- **STORED DATA**:

━━━━━━━━━━━━━━━━━━━━

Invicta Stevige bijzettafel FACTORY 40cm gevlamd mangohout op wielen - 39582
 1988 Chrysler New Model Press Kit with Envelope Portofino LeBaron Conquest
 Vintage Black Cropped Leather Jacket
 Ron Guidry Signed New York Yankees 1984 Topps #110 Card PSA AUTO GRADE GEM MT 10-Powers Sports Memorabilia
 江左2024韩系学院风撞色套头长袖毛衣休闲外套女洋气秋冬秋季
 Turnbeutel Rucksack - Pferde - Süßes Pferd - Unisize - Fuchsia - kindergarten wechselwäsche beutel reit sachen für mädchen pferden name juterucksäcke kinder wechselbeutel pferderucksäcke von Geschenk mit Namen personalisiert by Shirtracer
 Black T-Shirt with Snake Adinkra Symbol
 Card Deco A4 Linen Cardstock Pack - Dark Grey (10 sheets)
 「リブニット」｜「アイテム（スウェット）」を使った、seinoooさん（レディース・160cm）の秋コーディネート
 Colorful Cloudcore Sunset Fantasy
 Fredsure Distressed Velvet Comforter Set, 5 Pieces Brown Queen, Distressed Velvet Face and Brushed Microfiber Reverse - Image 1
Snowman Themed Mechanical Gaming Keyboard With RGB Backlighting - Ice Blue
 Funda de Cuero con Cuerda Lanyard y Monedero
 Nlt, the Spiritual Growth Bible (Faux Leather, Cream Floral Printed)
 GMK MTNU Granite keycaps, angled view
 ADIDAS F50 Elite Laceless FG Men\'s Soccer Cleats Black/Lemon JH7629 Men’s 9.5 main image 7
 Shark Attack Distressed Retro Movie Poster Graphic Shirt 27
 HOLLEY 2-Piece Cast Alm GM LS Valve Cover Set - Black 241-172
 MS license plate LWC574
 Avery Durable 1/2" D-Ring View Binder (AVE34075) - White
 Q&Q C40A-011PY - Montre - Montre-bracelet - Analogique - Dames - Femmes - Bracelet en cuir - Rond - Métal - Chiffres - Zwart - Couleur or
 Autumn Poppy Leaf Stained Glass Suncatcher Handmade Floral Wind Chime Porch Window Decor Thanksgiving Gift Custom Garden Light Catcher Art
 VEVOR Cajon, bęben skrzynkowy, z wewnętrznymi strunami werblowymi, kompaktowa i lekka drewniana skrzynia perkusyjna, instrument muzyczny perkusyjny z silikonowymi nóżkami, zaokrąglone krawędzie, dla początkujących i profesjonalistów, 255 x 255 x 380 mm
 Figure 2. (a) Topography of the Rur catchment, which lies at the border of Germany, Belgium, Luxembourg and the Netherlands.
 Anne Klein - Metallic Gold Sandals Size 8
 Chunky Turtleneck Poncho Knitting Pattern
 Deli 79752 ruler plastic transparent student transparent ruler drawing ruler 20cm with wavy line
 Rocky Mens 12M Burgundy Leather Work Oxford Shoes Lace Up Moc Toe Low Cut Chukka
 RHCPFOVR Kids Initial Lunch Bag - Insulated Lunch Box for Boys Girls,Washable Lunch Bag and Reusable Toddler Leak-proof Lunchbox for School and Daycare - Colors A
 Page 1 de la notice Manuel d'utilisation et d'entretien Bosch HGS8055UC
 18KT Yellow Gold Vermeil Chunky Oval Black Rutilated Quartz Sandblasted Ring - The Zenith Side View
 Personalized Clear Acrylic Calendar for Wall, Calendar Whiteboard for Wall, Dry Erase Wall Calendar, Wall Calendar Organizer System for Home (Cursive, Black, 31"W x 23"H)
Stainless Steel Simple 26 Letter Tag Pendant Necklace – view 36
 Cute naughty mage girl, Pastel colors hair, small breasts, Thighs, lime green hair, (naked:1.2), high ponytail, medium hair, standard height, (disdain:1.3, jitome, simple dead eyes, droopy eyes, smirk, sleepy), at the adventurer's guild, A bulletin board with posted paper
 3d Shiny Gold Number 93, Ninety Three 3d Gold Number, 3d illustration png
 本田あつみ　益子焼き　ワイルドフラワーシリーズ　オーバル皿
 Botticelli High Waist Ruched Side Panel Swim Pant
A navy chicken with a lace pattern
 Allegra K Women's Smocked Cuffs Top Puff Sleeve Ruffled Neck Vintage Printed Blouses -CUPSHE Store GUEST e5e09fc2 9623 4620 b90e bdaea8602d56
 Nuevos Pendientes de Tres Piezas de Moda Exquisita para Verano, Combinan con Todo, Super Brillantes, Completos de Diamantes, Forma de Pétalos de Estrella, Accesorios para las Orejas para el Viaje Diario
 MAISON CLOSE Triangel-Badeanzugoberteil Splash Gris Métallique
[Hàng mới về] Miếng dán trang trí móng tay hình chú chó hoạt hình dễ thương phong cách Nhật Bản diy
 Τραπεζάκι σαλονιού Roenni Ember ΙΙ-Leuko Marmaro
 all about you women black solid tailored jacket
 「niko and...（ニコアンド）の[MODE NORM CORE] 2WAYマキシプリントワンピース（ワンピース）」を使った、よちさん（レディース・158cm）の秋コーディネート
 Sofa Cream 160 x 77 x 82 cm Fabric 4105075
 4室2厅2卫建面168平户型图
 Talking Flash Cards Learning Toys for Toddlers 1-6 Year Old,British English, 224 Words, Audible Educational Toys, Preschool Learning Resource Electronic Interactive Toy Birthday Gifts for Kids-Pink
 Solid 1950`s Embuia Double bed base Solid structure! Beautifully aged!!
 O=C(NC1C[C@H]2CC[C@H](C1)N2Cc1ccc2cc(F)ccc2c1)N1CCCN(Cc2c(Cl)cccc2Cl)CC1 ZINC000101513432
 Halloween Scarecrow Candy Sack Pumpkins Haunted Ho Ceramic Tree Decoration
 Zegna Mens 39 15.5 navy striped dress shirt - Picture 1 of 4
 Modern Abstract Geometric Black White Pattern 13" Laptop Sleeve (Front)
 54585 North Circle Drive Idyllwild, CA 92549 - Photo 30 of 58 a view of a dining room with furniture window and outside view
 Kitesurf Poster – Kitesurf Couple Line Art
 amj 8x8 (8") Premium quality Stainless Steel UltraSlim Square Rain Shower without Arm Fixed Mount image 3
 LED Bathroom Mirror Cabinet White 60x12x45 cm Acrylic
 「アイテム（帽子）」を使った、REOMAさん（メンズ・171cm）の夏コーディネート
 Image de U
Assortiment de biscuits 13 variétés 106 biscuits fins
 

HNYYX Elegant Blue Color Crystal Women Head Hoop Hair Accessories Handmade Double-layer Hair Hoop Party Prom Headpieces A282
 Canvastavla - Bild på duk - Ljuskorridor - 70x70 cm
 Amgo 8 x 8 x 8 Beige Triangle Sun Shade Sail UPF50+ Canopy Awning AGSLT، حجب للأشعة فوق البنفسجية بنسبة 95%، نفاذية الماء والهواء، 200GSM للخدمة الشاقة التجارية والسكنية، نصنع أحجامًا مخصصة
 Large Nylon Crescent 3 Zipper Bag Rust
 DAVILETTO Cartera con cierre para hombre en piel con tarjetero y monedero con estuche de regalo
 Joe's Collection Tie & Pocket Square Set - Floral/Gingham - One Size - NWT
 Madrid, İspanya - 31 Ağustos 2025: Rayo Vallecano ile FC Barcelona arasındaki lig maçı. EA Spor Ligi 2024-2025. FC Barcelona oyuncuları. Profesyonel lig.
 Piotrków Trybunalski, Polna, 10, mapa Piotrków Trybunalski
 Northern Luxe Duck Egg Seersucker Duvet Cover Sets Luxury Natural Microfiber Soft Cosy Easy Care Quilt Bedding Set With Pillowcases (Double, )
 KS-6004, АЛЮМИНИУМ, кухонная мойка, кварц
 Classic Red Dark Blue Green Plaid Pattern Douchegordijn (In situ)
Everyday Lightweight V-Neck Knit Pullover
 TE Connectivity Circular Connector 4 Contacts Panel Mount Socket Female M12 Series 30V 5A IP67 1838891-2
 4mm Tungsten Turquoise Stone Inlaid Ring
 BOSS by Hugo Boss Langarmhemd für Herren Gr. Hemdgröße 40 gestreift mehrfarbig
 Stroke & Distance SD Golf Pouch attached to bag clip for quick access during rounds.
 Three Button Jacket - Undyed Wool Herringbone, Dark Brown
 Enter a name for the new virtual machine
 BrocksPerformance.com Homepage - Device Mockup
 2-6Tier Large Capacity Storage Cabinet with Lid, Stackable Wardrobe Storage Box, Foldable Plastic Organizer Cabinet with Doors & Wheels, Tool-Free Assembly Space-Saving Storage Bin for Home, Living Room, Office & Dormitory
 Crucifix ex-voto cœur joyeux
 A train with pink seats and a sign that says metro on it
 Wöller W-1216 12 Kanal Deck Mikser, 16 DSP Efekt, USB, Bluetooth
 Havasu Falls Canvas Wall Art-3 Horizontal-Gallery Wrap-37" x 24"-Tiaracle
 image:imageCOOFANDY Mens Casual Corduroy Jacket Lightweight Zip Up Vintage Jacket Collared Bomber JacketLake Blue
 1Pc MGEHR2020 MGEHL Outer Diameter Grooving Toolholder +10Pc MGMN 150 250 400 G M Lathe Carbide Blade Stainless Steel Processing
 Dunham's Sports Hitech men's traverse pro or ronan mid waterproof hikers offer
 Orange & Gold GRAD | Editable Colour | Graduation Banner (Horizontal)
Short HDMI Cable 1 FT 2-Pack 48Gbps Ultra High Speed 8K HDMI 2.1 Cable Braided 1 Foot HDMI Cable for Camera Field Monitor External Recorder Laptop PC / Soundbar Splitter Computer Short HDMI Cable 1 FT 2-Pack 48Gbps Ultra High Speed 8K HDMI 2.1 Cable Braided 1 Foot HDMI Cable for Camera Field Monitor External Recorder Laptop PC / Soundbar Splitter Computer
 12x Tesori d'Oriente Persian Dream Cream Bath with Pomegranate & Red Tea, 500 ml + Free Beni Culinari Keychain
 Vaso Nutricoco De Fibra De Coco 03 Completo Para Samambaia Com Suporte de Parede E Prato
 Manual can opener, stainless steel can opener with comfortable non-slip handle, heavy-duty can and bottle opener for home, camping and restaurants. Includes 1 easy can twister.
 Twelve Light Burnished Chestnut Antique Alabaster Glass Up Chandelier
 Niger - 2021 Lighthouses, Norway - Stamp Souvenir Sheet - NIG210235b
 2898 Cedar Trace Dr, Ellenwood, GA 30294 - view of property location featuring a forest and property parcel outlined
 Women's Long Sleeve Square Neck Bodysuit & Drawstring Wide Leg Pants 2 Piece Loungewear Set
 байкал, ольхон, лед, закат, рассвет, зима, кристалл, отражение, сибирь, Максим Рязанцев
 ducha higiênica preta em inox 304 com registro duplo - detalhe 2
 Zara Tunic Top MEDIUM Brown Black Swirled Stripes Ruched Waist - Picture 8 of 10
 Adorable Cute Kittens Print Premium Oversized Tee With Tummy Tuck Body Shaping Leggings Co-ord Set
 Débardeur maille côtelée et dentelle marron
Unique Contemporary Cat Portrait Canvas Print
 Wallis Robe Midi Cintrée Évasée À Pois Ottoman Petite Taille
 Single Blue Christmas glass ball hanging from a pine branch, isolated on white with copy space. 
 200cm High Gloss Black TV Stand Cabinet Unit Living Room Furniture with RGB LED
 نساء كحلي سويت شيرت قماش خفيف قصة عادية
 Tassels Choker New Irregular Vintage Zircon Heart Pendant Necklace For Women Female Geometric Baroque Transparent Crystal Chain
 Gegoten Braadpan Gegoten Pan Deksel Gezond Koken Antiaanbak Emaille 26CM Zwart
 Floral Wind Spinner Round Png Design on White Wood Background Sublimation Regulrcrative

━━━━━━━━━━━━━━━━━━━━

- **EXERCISE GOAL**:
What is needed is every line from the beginning of the data up to and including the line with "Fredsure Distressed Velvet", given again word for word.

- **YOUR RESPONSE**:
Invicta Stevige bijzettafel FACTORY 40cm gevlamd mangohout op wielen - 39582
 1988 Chrysler New Model Press Kit with Envelope Portofino LeBaron Conquest
 Vintage Black Cropped Leather Jacket
 Ron Guidry Signed New York Yankees 1984 Topps #110 Card PSA AUTO GRADE GEM MT 10-Powers Sports Memorabilia
 江左2024韩系学院风撞色套头长袖毛衣休闲外套女洋气秋冬秋季
 Turnbeutel Rucksack - Pferde - Süßes Pferd - Unisize - Fuchsia - kindergarten wechselwäsche beutel reit sachen für mädchen pferden name juterucksäcke kinder wechselbeutel pferderucksäcke von Geschenk mit Namen personalisiert by Shirtracer
 Black T-Shirt with Snake Adinkra Symbol
 Card Deco A4 Linen Cardstock Pack - Dark Grey (10 sheets)
 「リブニット」｜「アイテム（スウェット）」を使った、seinoooさん（レディース・160cm）の秋コーディネート
 Colorful Cloudcore Sunset Fantasy
 Fredsure Distressed Velvet Comforter Set, 5 Pieces Brown Queen, Distressed Velvet Face and Brushed Microfiber Reverse - Image 1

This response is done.